What you should do: Copy the lines running from the one that contains "Pacco Batteria agli" to the end of the entries below, exactly and with no pictures.

(Short web captions)
((
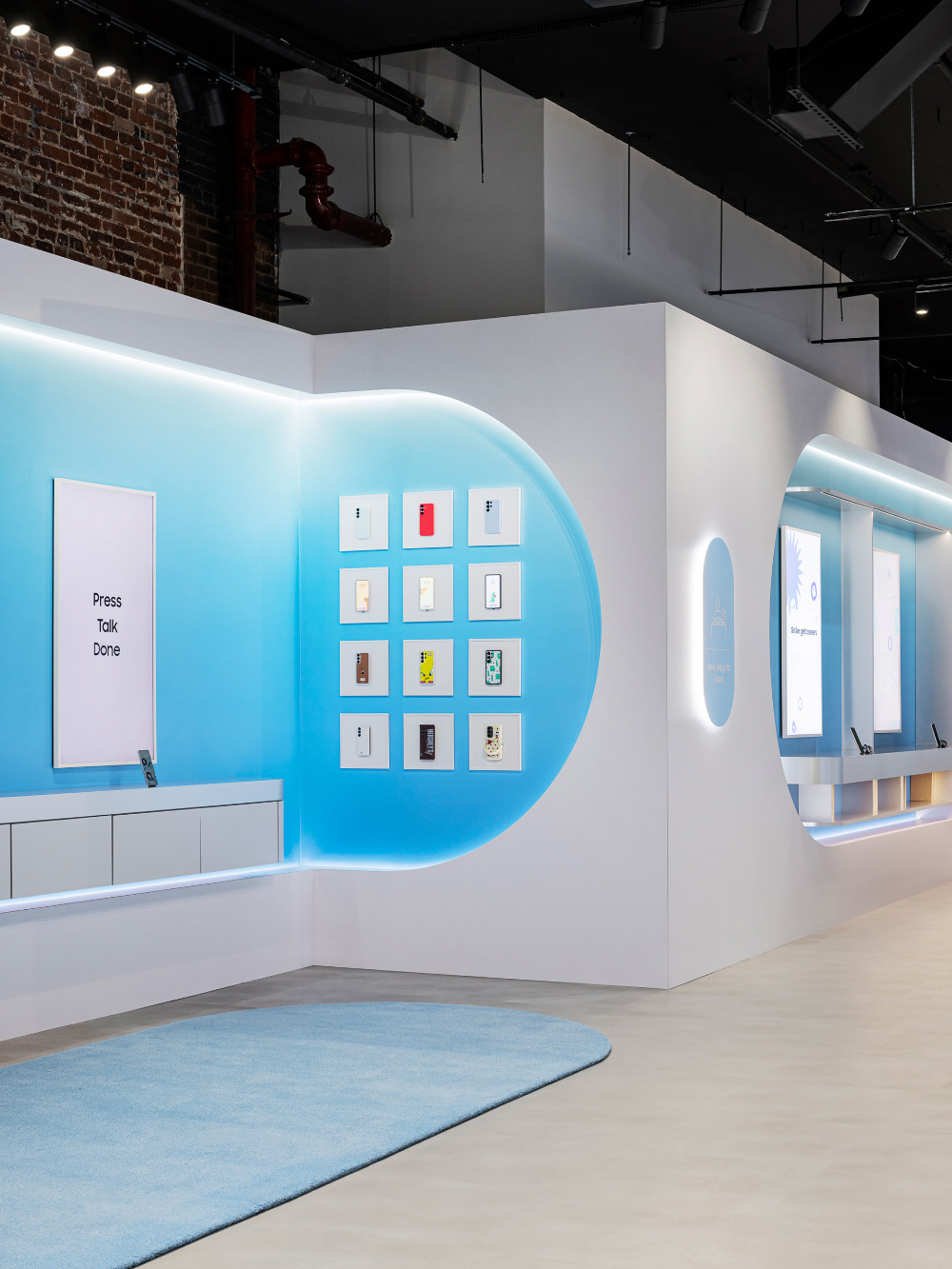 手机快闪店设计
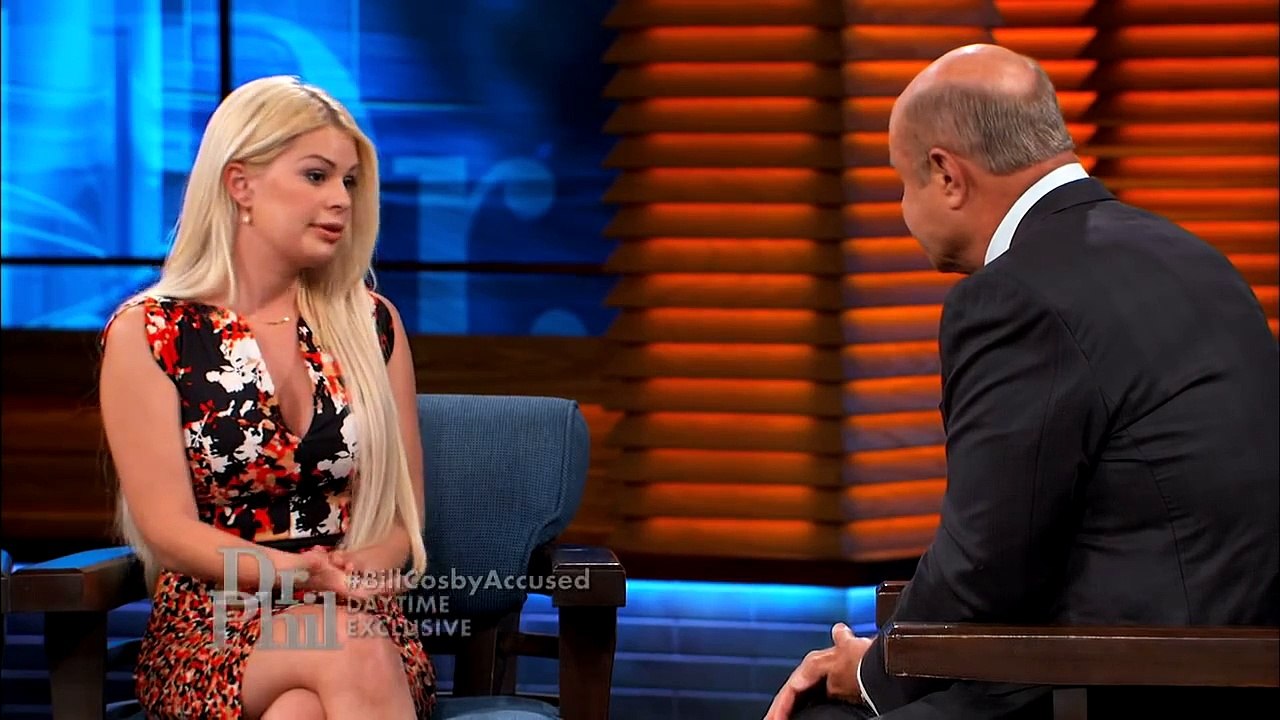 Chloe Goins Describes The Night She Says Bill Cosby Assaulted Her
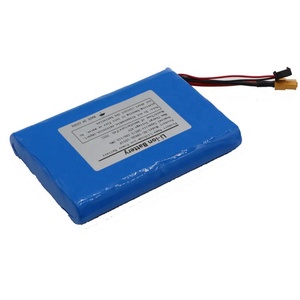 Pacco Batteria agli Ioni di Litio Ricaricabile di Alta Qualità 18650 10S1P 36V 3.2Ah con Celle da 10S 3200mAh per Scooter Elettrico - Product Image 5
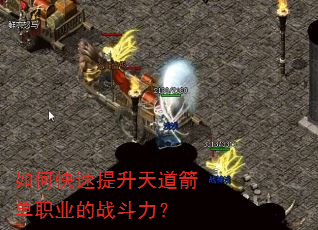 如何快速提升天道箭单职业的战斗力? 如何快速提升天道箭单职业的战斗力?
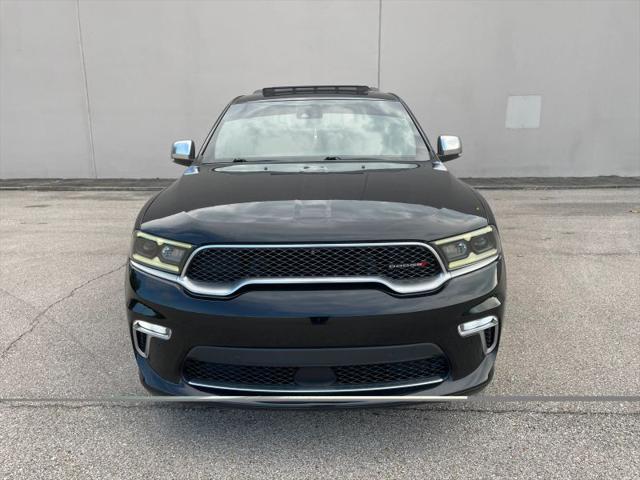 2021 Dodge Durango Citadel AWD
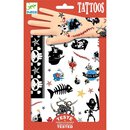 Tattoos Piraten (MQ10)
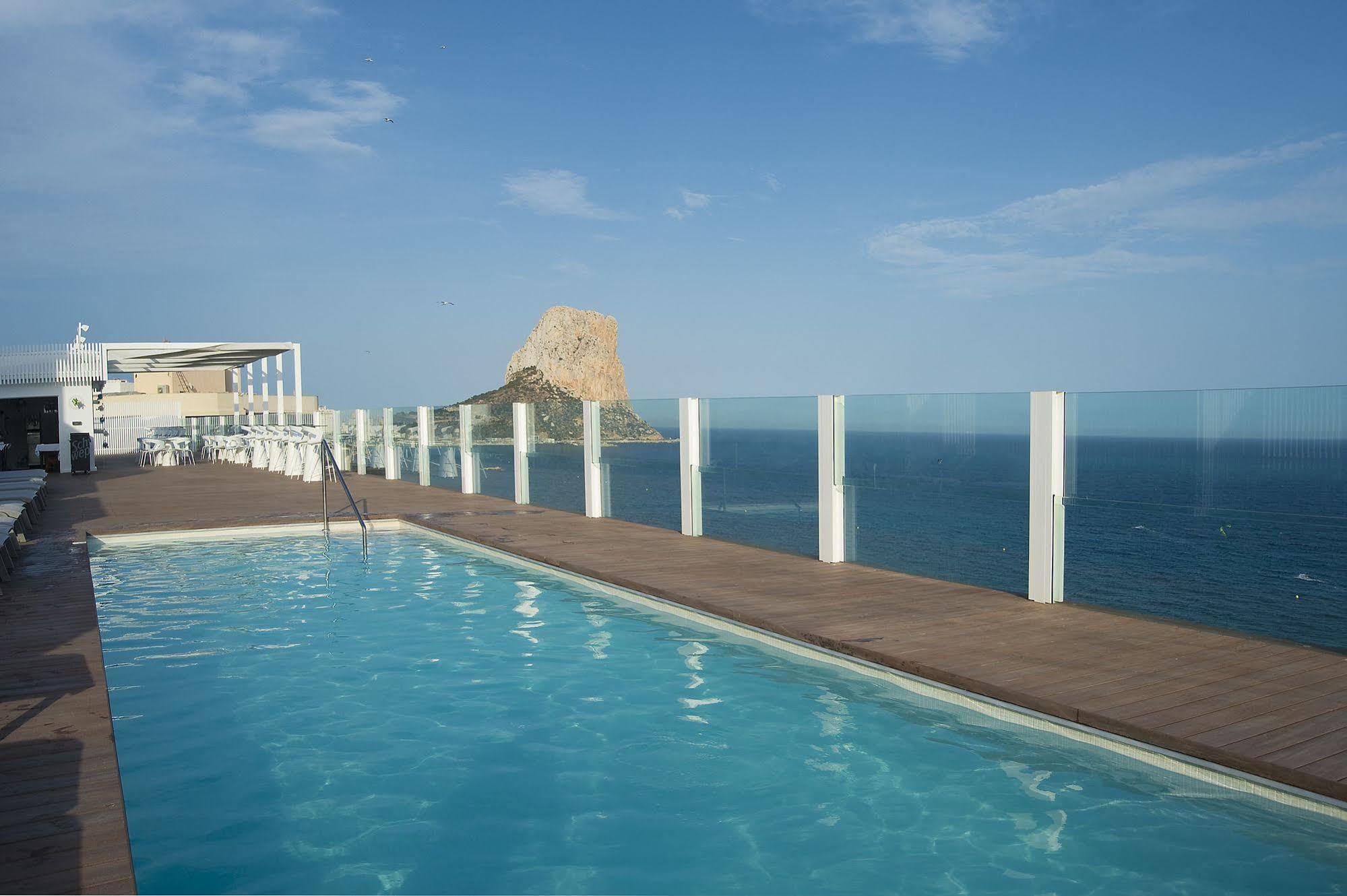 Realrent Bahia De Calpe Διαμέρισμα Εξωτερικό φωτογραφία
))
Task answer:
 Pacco Batteria agli Ioni di Litio Ricaricabile di Alta Qualità 18650 10S1P 36V 3.2Ah con Celle da 10S 3200mAh per Scooter Elettrico - Product Image 5
 如何快速提升天道箭单职业的战斗力? 如何快速提升天道箭单职业的战斗力?
 2021 Dodge Durango Citadel AWD
 Tattoos Piraten (MQ10)
 Realrent Bahia De Calpe Διαμέρισμα Εξωτερικό φωτογραφία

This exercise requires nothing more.